Napoléon confère avec Beker et Bertrand. Poussé par eux, il se résout à envoyer Las Cases et Savary en parlementaires à bord du Bellérophon, le plus gros des deux navires qui surveillent les passes. Ils y remettront une lettre de Bertrand demandant si les sauf-conduits réclamés à Londres pour le voyage aux États-Unis sont arrivés. En même temps, ils sonderont, en causant avec l'état-major, les dispositions du gouvernement britannique. Las Cases, qui sait l'anglais, feindra de l'ignorer, pour que les officiers du Bellérophon devant lui prennent moins garde à leurs propos.

Sur le Bellérophon les accueille avec courtoisie le capitaine Maitland, homme maigre, sec, aux cheveux ébouriffés, au teint blême, et dont les larges yeux sont profonds[5].

Il ne sait rien, assure-t-il, des derniers événements, sauf que Napoléon a été vaincu à Waterloo. Il n'a reçu aucun ordre à son égard... Il ment. Son chef le contre-amiral Hotham, qui croise dans la baie de Quiberon, lui a transmis la nouvelle de l'abdication : Le gouvernement anglais a reçu dans la nuit du 30 juin une demande adressée par les chefs de France à l'effet d'obtenir un passeport pour que Bonaparte puisse se rendre en Amérique. Une réponse négative a été faite à cette demande, et lord Keith (l'amiralissime) ordonne de redoubler de vigilance pour intercepter Bonaparte... Je pense que Bonaparte a pris la route de Rochefort. A la fin de la même dépêche, Hotham ajoutait : C'est à vous d'employer les meilleurs moyens pour intercepter le fugitif, de la captivité duquel parait dépendre le repos de l'Europe. S'il vient à être pris, il doit m'être amené dans cette baie, parce que j'ai des ordres pour disposer de sa personne.

Le mot captivité est écrit. Ces instructions explicites, Maitland ne songe qu'à les exécuter. Pourquoi demander de la chevalerie à ce subalterne, habitué aux devoirs stricts ? Il use de duplicité : pourquoi pas ? N'est-on pas en guerre ? Et Bonaparte est-il un homme à ménager ? Il a bouleversé l'Europe. Les Alliés l'ont déclaré ennemi et perturbateur de la paix du monde. Il faut s'emparer de lui, le mettre enfin et pour toujours hors d'état de nuire. Par les meilleurs moyens, portent les ordres. Maitland les emploiera, et d'abord la ruse.

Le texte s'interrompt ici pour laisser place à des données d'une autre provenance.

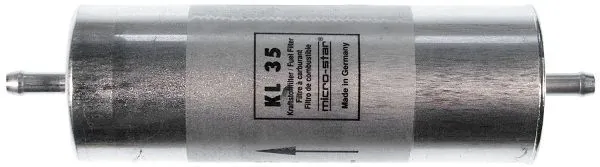 Купить KL35 Mahle Original Фильтр-отстойник топлива грубой очистки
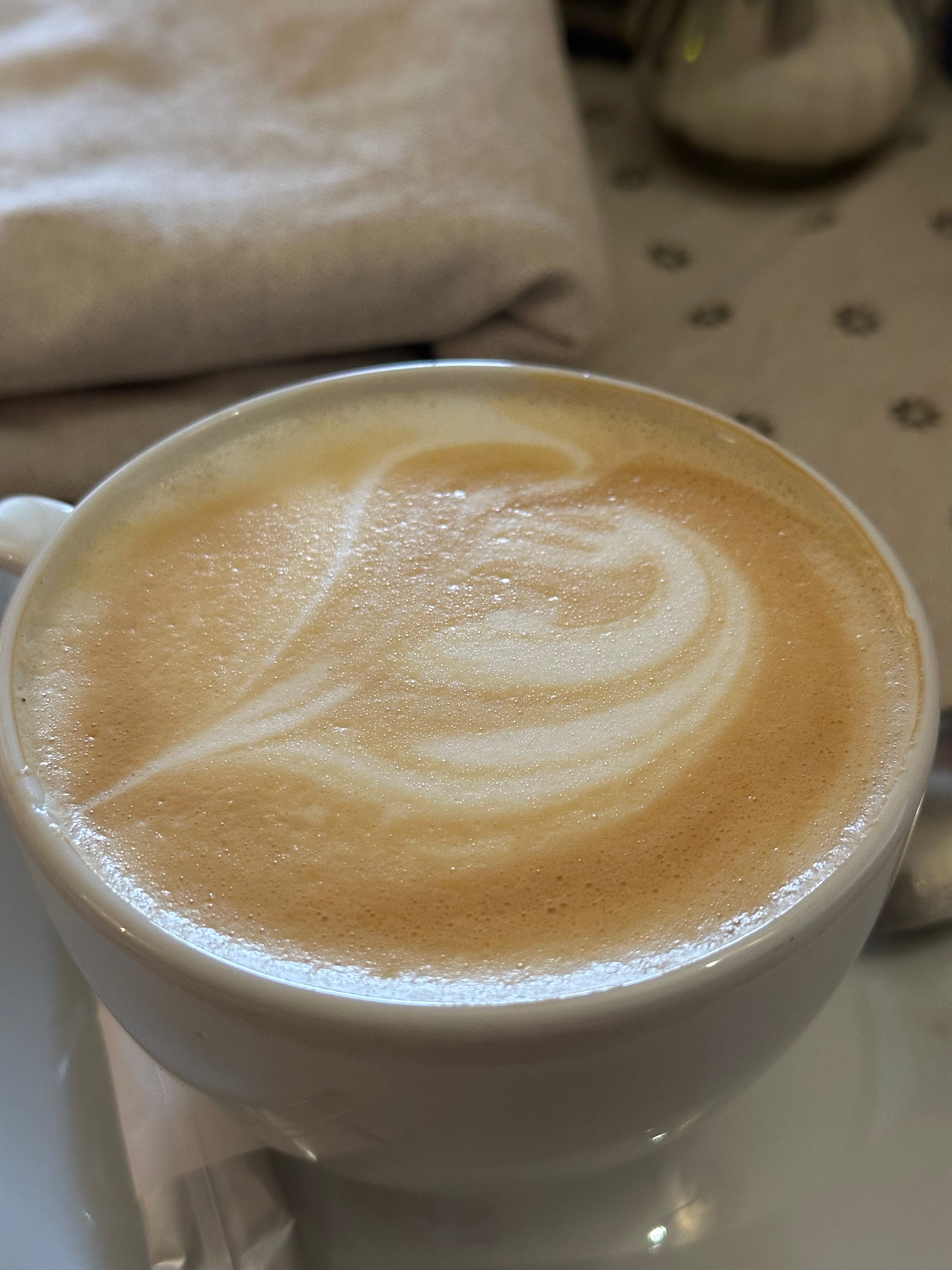 Cappuccino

Elle est nécessaire, croit-il, car Napoléon peut encore lui échapper. Quoi qu'en pense Bonnefoux, il n'est pas certain d'empêcher la sortie des frégates. Dès lors son jeu s'éclaire : il flattera d'espérances les envoyés de Napoléon, et en même temps demandera des renforts à son chef. Las Cases, novice en ces affaires, et Savary, toujours épais, se laissent prendre à ses obligeances. Maitland leur assure qu'il va transmettre la lettre de Bertrand à l'amiral. Puis les invite à déjeuner. Pendant le repas approche la corvette Falmouth qui par signaux annonce qu'elle apporte des nouvelles pour le Bellérophon. Maitland lit ses dépêches sans sourciller[6].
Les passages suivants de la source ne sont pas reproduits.